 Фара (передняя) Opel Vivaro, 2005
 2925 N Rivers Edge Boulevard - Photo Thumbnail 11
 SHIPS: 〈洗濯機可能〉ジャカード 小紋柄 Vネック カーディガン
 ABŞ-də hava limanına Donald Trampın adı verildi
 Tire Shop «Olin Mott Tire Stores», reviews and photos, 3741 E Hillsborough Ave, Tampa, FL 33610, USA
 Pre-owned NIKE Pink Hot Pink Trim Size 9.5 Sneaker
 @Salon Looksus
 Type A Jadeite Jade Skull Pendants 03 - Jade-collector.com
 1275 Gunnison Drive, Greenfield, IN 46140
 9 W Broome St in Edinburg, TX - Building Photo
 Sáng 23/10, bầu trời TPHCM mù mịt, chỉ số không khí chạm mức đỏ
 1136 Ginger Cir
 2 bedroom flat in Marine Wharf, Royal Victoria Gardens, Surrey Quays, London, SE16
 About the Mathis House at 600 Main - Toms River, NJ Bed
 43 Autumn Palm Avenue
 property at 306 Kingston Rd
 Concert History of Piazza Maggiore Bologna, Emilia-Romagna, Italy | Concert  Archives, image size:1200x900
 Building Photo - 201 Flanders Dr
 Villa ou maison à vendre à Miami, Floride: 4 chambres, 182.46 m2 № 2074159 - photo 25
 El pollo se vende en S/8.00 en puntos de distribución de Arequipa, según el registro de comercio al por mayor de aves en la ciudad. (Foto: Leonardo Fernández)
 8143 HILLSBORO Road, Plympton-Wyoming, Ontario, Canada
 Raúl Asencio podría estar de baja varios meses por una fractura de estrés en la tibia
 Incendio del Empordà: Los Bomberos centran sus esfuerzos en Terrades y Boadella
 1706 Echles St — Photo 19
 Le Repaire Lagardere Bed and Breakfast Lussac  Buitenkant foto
*-*-*
→ Aim of the task
Everything in the material should be repeated exactly as written.

→ Answer for this exercise
 Фара (передняя) Opel Vivaro, 2005
 2925 N Rivers Edge Boulevard - Photo Thumbnail 11
 SHIPS: 〈洗濯機可能〉ジャカード 小紋柄 Vネック カーディガン
 ABŞ-də hava limanına Donald Trampın adı verildi
 Tire Shop «Olin Mott Tire Stores», reviews and photos, 3741 E Hillsborough Ave, Tampa, FL 33610, USA
 Pre-owned NIKE Pink Hot Pink Trim Size 9.5 Sneaker
 @Salon Looksus
 Type A Jadeite Jade Skull Pendants 03 - Jade-collector.com
 1275 Gunnison Drive, Greenfield, IN 46140
 9 W Broome St in Edinburg, TX - Building Photo
 Sáng 23/10, bầu trời TPHCM mù mịt, chỉ số không khí chạm mức đỏ
 1136 Ginger Cir
 2 bedroom flat in Marine Wharf, Royal Victoria Gardens, Surrey Quays, London, SE16
 About the Mathis House at 600 Main - Toms River, NJ Bed
 43 Autumn Palm Avenue
 property at 306 Kingston Rd
 Concert History of Piazza Maggiore Bologna, Emilia-Romagna, Italy | Concert  Archives, image size:1200x900
 Building Photo - 201 Flanders Dr
 Villa ou maison à vendre à Miami, Floride: 4 chambres, 182.46 m2 № 2074159 - photo 25
 El pollo se vende en S/8.00 en puntos de distribución de Arequipa, según el registro de comercio al por mayor de aves en la ciudad. (Foto: Leonardo Fernández)
 8143 HILLSBORO Road, Plympton-Wyoming, Ontario, Canada
 Raúl Asencio podría estar de baja varios meses por una fractura de estrés en la tibia
 Incendio del Empordà: Los Bomberos centran sus esfuerzos en Terrades y Boadella
 1706 Echles St — Photo 19
 Le Repaire Lagardere Bed and Breakfast Lussac  Buitenkant foto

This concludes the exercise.